A study of 40 patients with COPD showed that pranayama can improve tolerance of a six-minute walk. Other studies on people with COPD have reported similar findings.
Pranayama Extends The Breath, Which May Extend Your Life
These breathing styles don’t just move oxygen around the body. Regulated diaphragmatic breathing exercises trigger relaxation responses and slow the breath down. Research suggests there is a link between slower breathing and longevity due to stress reduction, although admittedly this area needs more study.
Pranayama and Gene Expression
You may not also be aware that regulated breathing can even change your gene expression (change cellular activity).
In his TED Talk, Sundar Balasubramanian explains how he became a cell biologist after practising Yoga and meditation his whole life. Sundar comes from Tamilnadu in India and always wondered why pranayama was so beneficial to health. He also wondered why after practising Pranayama, he produced more saliva. Sundar’s research discovered that 20 minutes of breathing exercises produce salivary nerve growth factor (NGF). Higher levels of NGF are linked to resilience to stress.
Strengthens the Lung Walls
You may or may not be aware that Yoga poses and Yogic breathing can strengthen the tissues of the lung walls when you breathe in or out with force, this is good news for those with lung problems.
Start Working On Those Lungs
Combining Pranayama exercises with asanas that open and stretch the lungs will provide the most benefits.
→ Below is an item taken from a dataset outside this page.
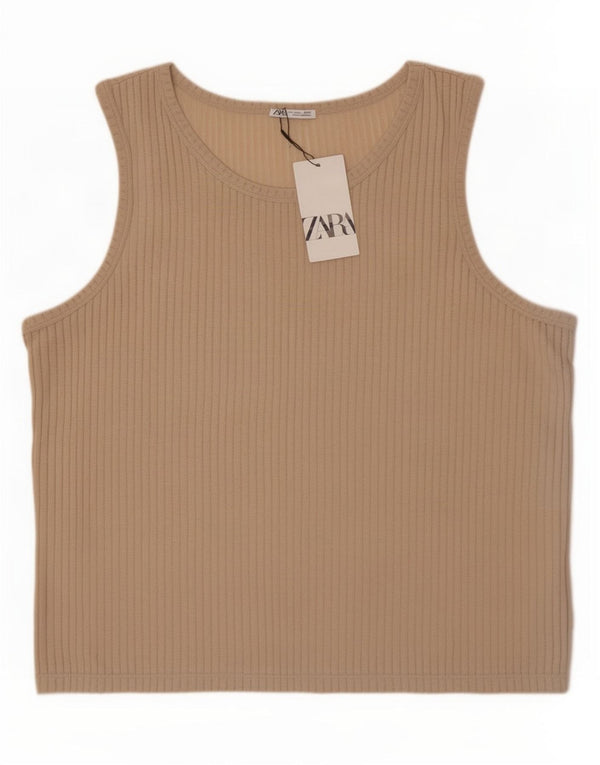 Canotta trasparente da uomo Zara, grande, in poliestere beige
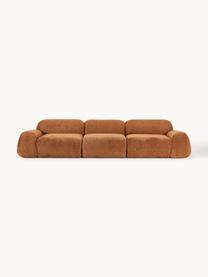 Modulares Sofa Wolke (4-Sitzer) aus Teddy-Bouclé, Bezug: Teddy-Bouclé (100 % Polye, Teddy-Bouclé Terrakotta, B 343 x T 118 cm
Poses such as cat and cow poses are ideal beginner poses if you suffer particularly with shortness of breath. Remember to take the pose slowly and gently so that you may reap the restorative benefits from these poses.
If you feel able, other chest opening poses that are a bit more challenging include upward-facing dog and the Warrior poses. Incorporate these poses regularly into daily practice and you can see some improvement in your breathing in a few weeks.